His gaze hadn’t left me. “Do I get an introduction first?”

“Later. If you’re lucky. Now move.” She led me through a curtain into a lit storeroom. “Speaking of introductions, you are…?”

I thought she’d know, but presumed she was testing me. “Faith. Faith Edmonds.”

“The Expisco? Thank God. Guy almost had a fit when he learned we had a shot at an Expisco and might get a witch instead.

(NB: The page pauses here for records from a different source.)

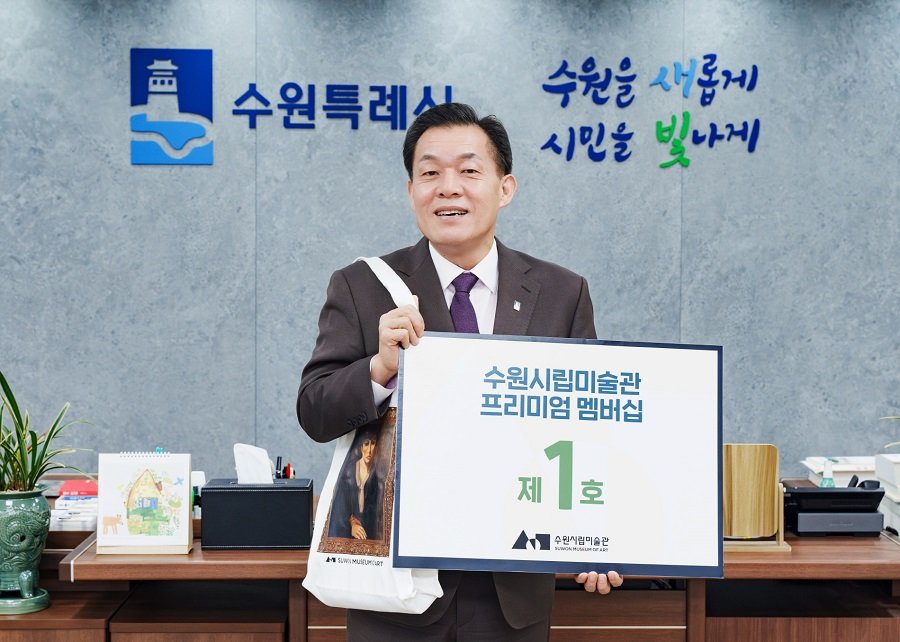 이재준 수원특례시장이 수원시립미술관 프리미엄 멤버십에 가입한 후 기념촬영을 하고 있다. 사진제공ㅣ수원시청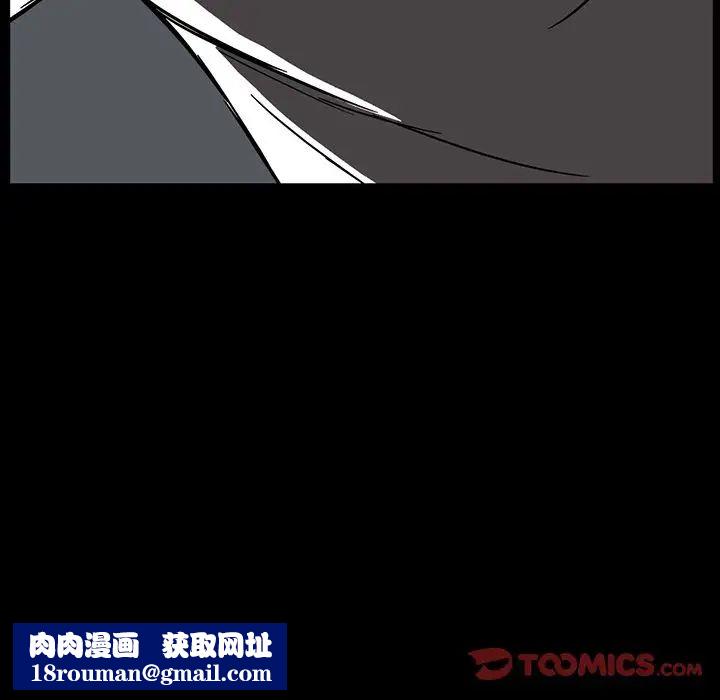 蜜毒第16话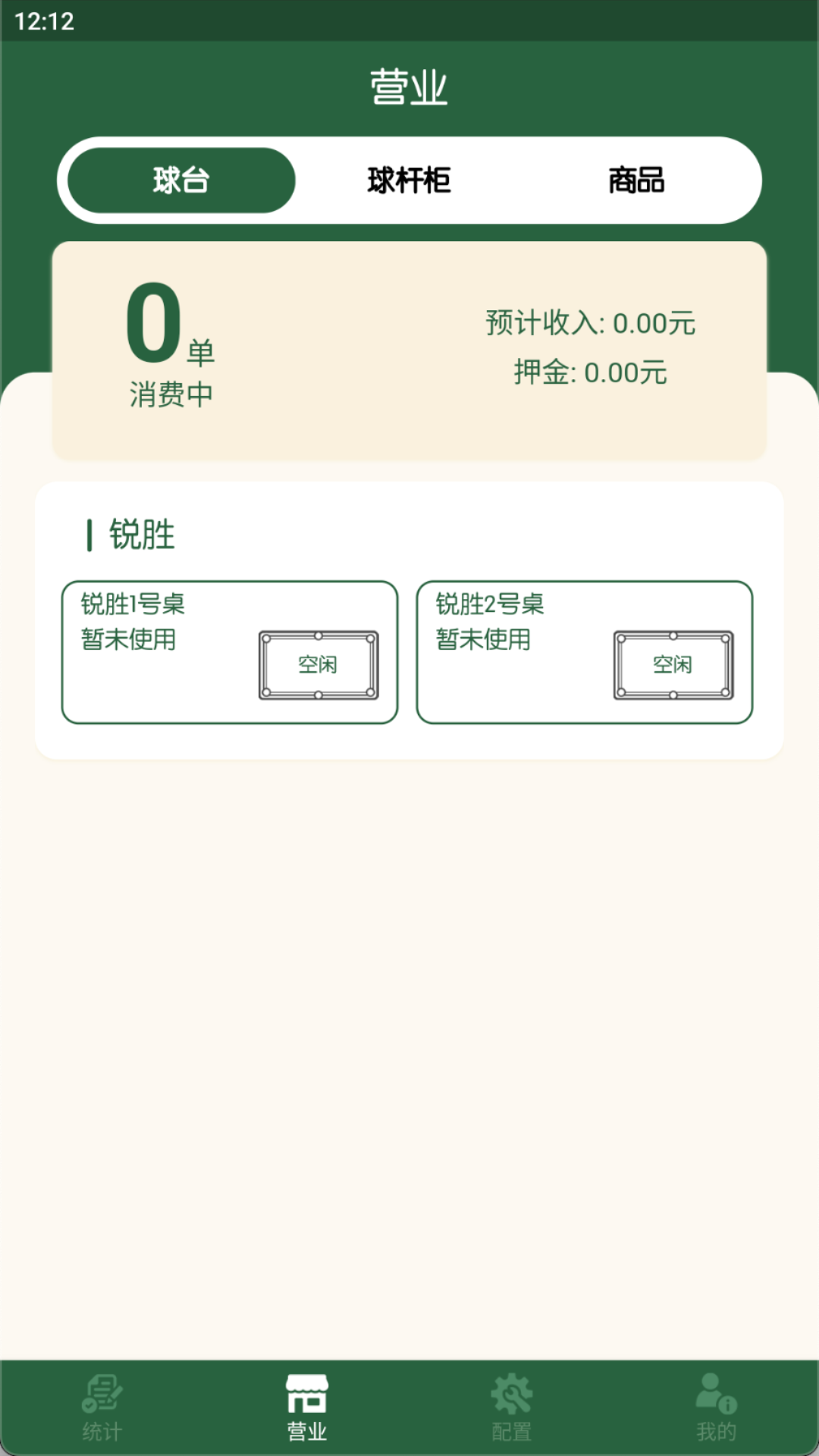 球房云掌柜截图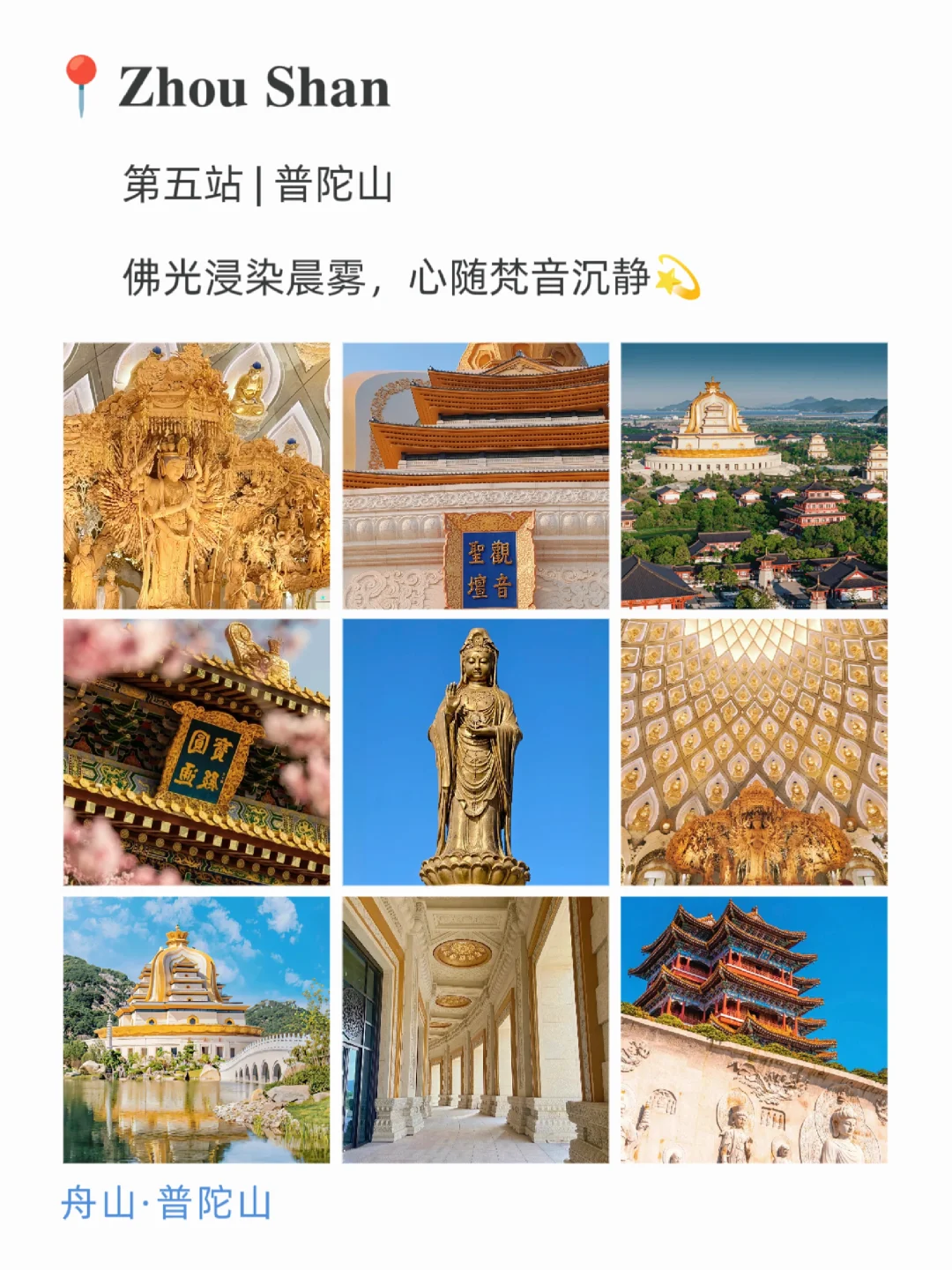 至于吗😅这姐们去趟舟山3天发了9条朋友圈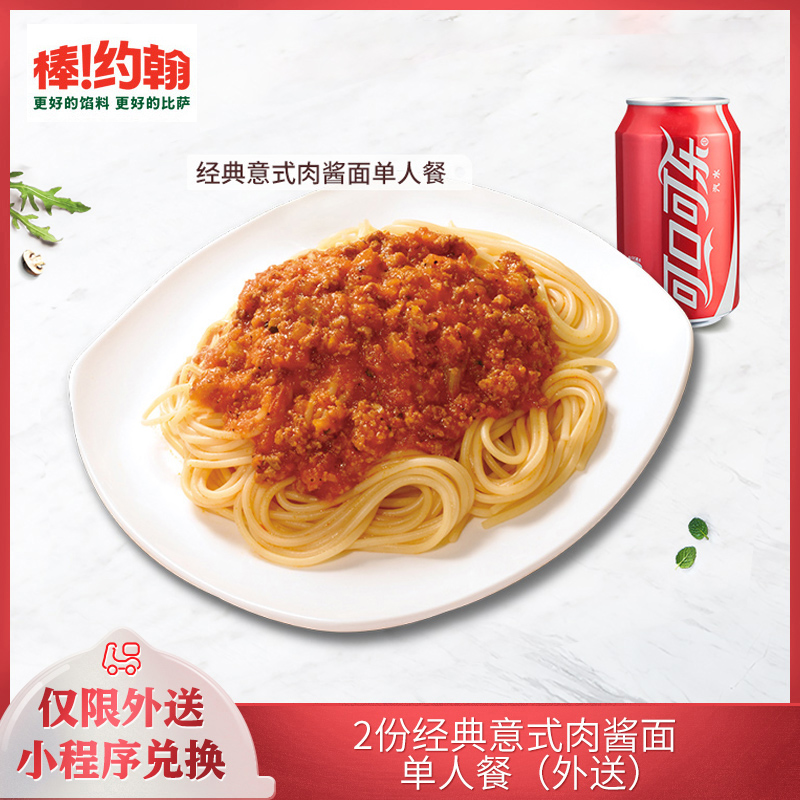 (Delivery) Stick John 2 Classic Bolognese Noodles Single Meal Valid for 30 days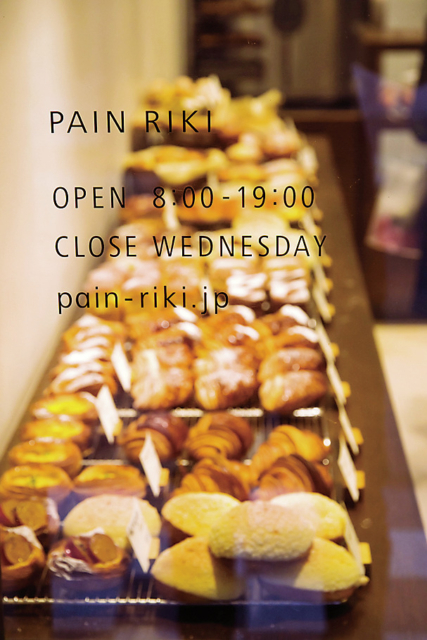 午前中がオススメ! 売り切れ必至の人気店「パンやきどころRIKI」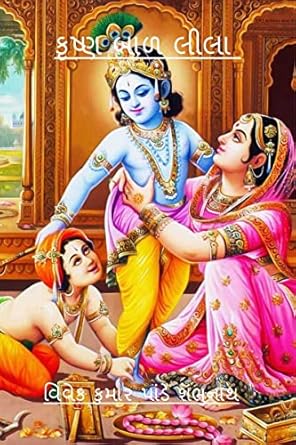 Kr̥shṇa bāḷa līlā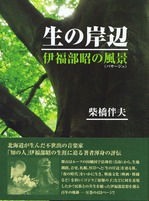 ShibahashiIfukube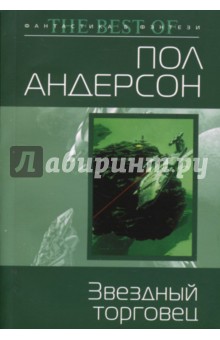 Звездный торговец - Пол Андерсон Звездный торговец - Пол Андерсон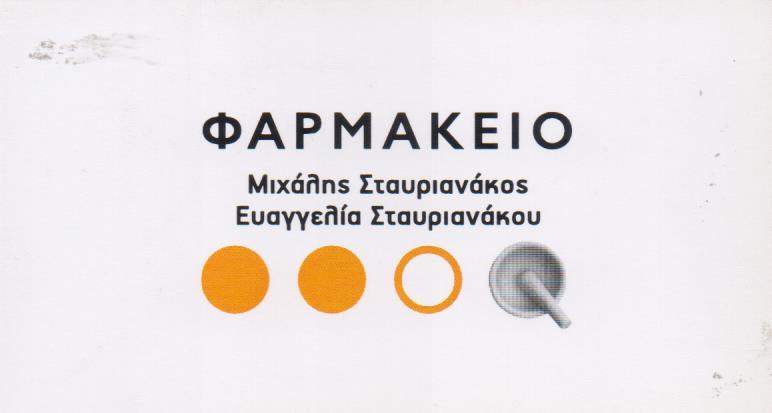 ΦΑΡΜΑΚΕΙΟ ONLINE ΦΑΡΜΑΚΕΙΟ ΔΡΑΠΕΤΣΩΝΑ ΣΤΑΥΡΙΑΝΑΚΟΣ ΜΙΧΑΗΛ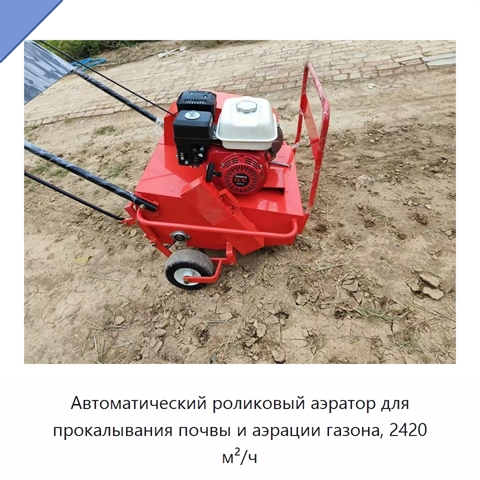 Автоматический роликовый аэратор для прокалывания почвы и аэрации газона, 2420 м²/ч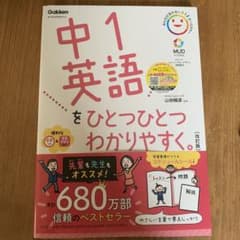 中1英語をひとつひとつわかりやすく。のサムネイル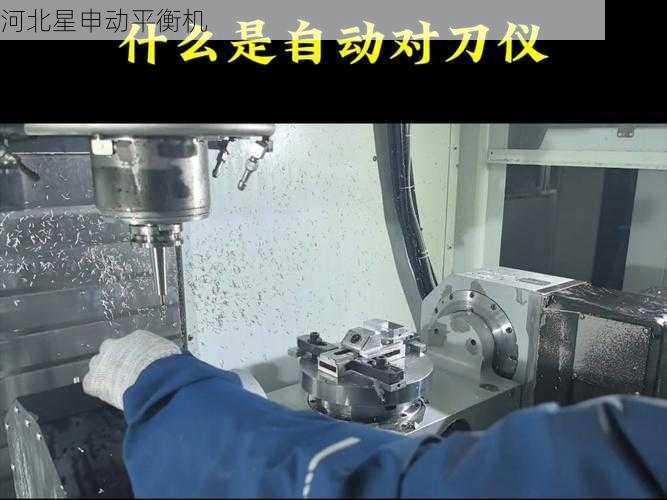 农机刀具动平衡测试与优化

But rules are rules, and the girl was the niece of a contact, so we had to give her a shot.” She extended her hand. “Bianca, Guy’s second-in-command.”

She opened a door and we stepped into the club.

I know horror films always take place in dilapidated old mansions with creaky stairs and hidden passages, but for spooky places, I’d nominate a dance club before the doors open at night.

When the music’s playing, clubs have an energy that’s undeniable-the heat of strangers crowding together, the pulsing beat interrupted by the occasional squeal of drunken delight, the sometimes sickening blend of perfume and sweet drinks and hastily wiped up vomit. If you’re not in the mood, it can seem like the ninth pit of Hell, but you still can’t deny the life of it. Walking through this club now was like creeping through a cemetery.

My footsteps and voice didn’t echo through the cavernous emptiness, but were swallowed by top-notch acoustics. Emergency lighting was the only illumination, too dim to even cast shadows. The overamped air-conditioning raised goose bumps on my arms and legs. The smell of cleaning chemicals barely covered the mildew from drinks spilled on the carpeted upper level. The only sound was the slow thump-thump-thump of music in a distant room, thudding like a dying heart.

Bianca was saying something ahead of me.